- Born: March 1, 1981 (age 44) New Haven, Connecticut, U.S.
- Occupation: Actor
- Years active: 1991–present

= Adam LaVorgna =

American actor (born 1981)

Adam Lavorgna (born March 1, 1981) is an American actor, known for his role on the television series Brooklyn Bridge, and in the films Milk Money, The Beautician and the Beast, and I'll Be Home for Christmas, and as Robbie Palmer on 7th Heaven.

==Early life==
Lavorgna was born near New Haven, in North Branford, Connecticut, the son of Sandra (née Schnepf), a college professor, and Joseph LaVorgna, a high school assistant principal.

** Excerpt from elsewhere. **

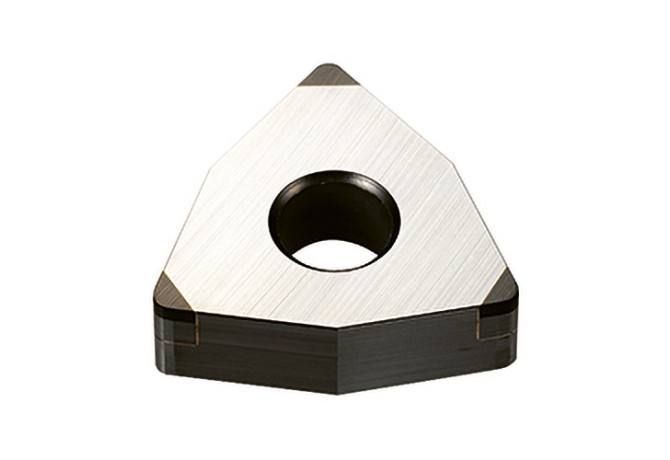 WNGA 080408 WZ-LS3 TB650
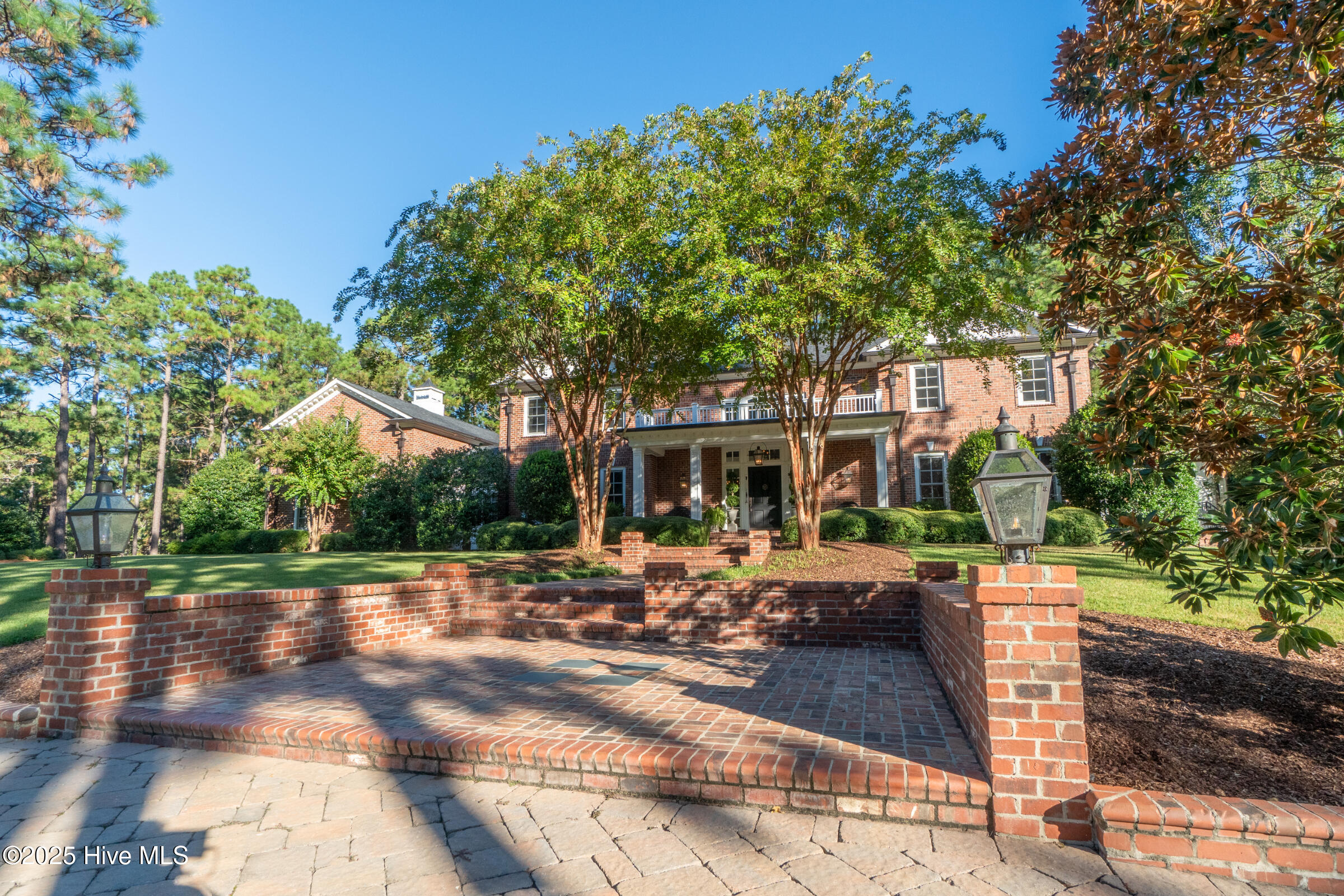 70 Cypress Point Drive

Lavorgna attended high school at Avon Old Farms in Avon, Connecticut. He also enrolled at Boston College, prior to leaving the school after his freshman year to pursue acting, specifically, 7th Heaven.

==Career==
Lavorgna starred as Nicholas Scamperelli in the series Brooklyn Bridge, for which he received the 1993 Youth in Film Award for Best Actor. In 1998, he joined the movie I'll Be Home for Christmas with Jonathan Taylor Thomas and Jessica Biel. In 1999, he then joined 7th Heaven as a series regular portraying Robbie Palmer, Mary's (Jessica Biel) troubled ex-boyfriend who has moved into the family home. He left the show in 2002. LaVorgna recalled his choice to leave was due to having a hard time managing his way around Hollywood, California, in addition to missing his family, mutually agreeing with the staff of 7th Heaven for a dismissal. He returned to the East Coast.

==Personal life==
Lavorgna said he was raised Catholic by his grandmother but became distant from the faith with age: "I got away from church at 15–16, and by my mid-20s, I was lost."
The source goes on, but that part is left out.